* What you will do
Reproduce the listing in full, pictures excluded.
[Start of section]
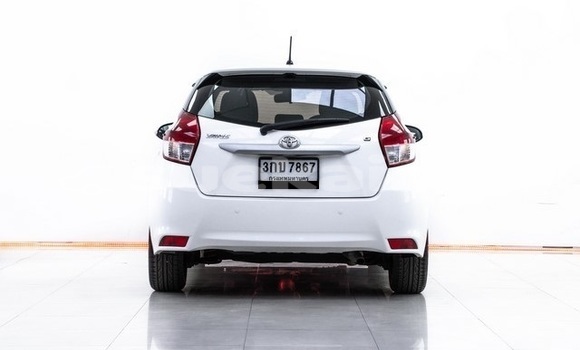 ซื้อ รถมือสอง Toyota Yaris ขาว รถยนต์ ใน %{เมือง} ใน กรุงเทพมหานคร ซื้อ รถมือสอง Toyota Yaris ขาว รถยนต์ ใน %{เมือง} ใน กรุงเทพมหานคร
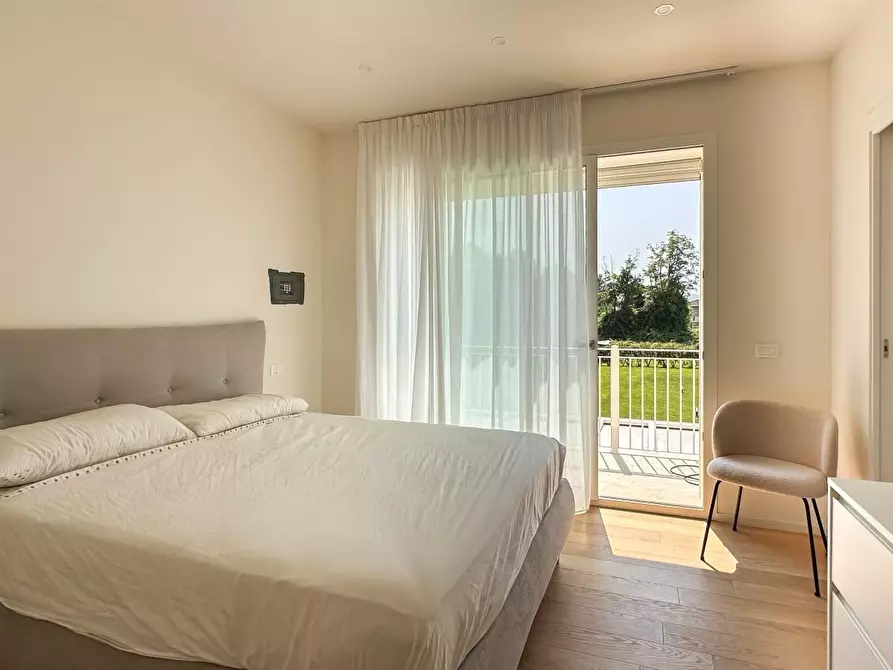 Immagine 18 di Villa in vendita  a Pietrasanta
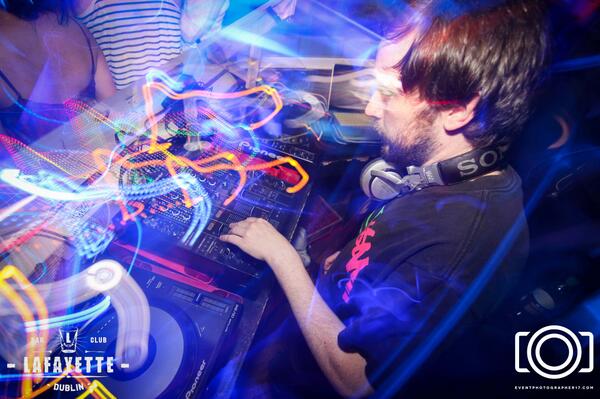 E17 photographer tweet media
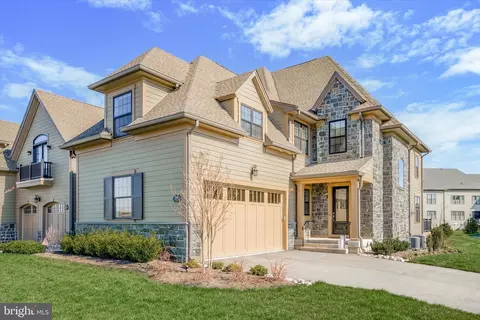 100 Linden Ct, Flourtown, PA 19031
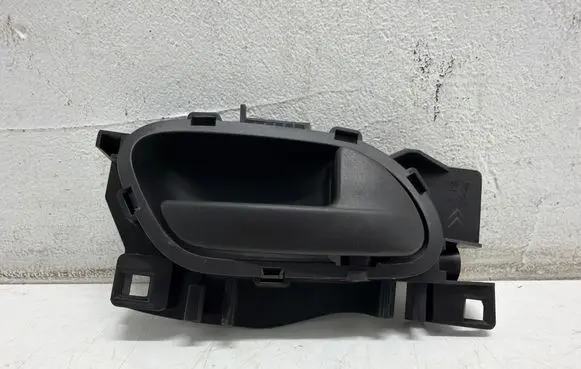 Opel Vivaro Front door interior handle 96555514XT
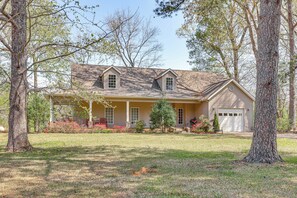 Exterior - Private Dock: 'The River House' in Heber Springs! (Heber Springs)
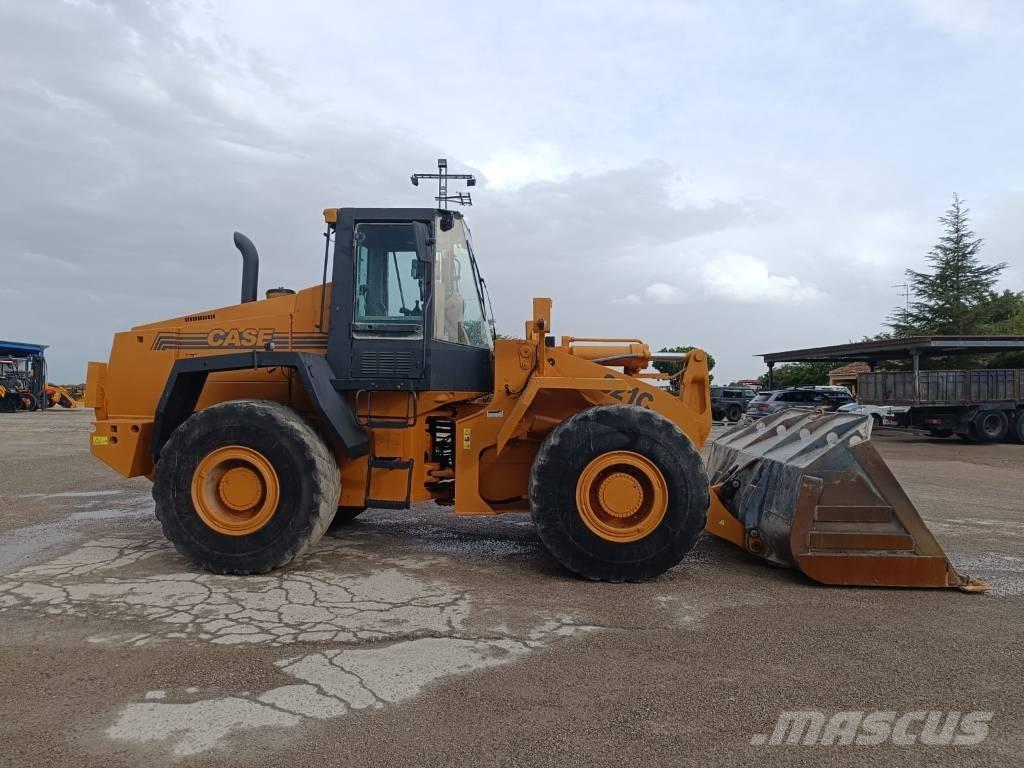 CASE 821 C 輪胎式裝載機
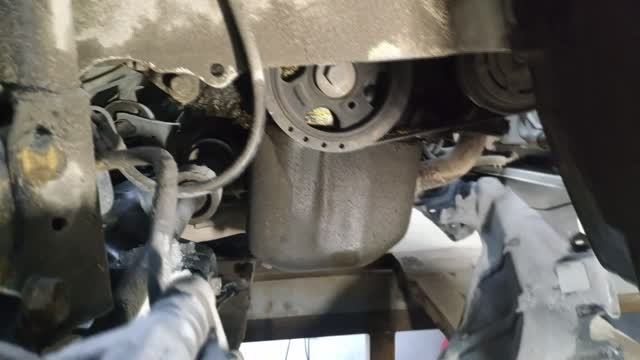 Замена шкива коленвала Toyota Vitz смотреть онлайн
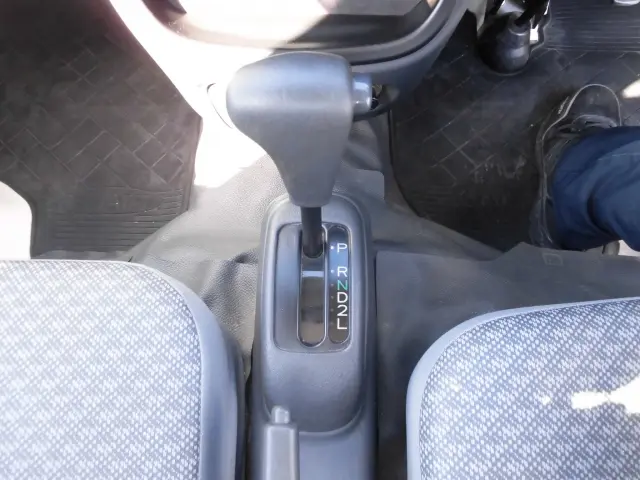 ダイハツ ハイゼットトラック EBD-S201P(2WD)の写真23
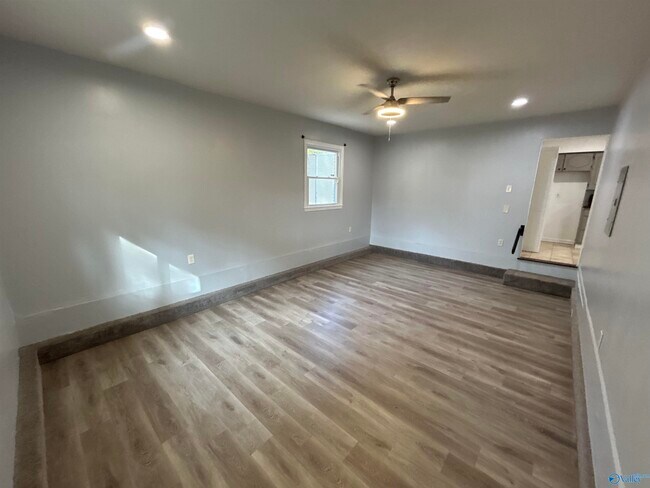 Building Photo - 6202 Valley Park Dr NW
[End of section]
* Solved exercise
 ซื้อ รถมือสอง Toyota Yaris ขาว รถยนต์ ใน %{เมือง} ใน กรุงเทพมหานคร ซื้อ รถมือสอง Toyota Yaris ขาว รถยนต์ ใน %{เมือง} ใน กรุงเทพมหานคร
 Immagine 18 di Villa in vendita  a Pietrasanta
 E17 photographer tweet media
 100 Linden Ct, Flourtown, PA 19031
 Opel Vivaro Front door interior handle 96555514XT
 Exterior - Private Dock: 'The River House' in Heber Springs! (Heber Springs)
 CASE 821 C 輪胎式裝載機
 Замена шкива коленвала Toyota Vitz смотреть онлайн
 ダイハツ ハイゼットトラック EBD-S201P(2WD)の写真23
 Building Photo - 6202 Valley Park Dr NW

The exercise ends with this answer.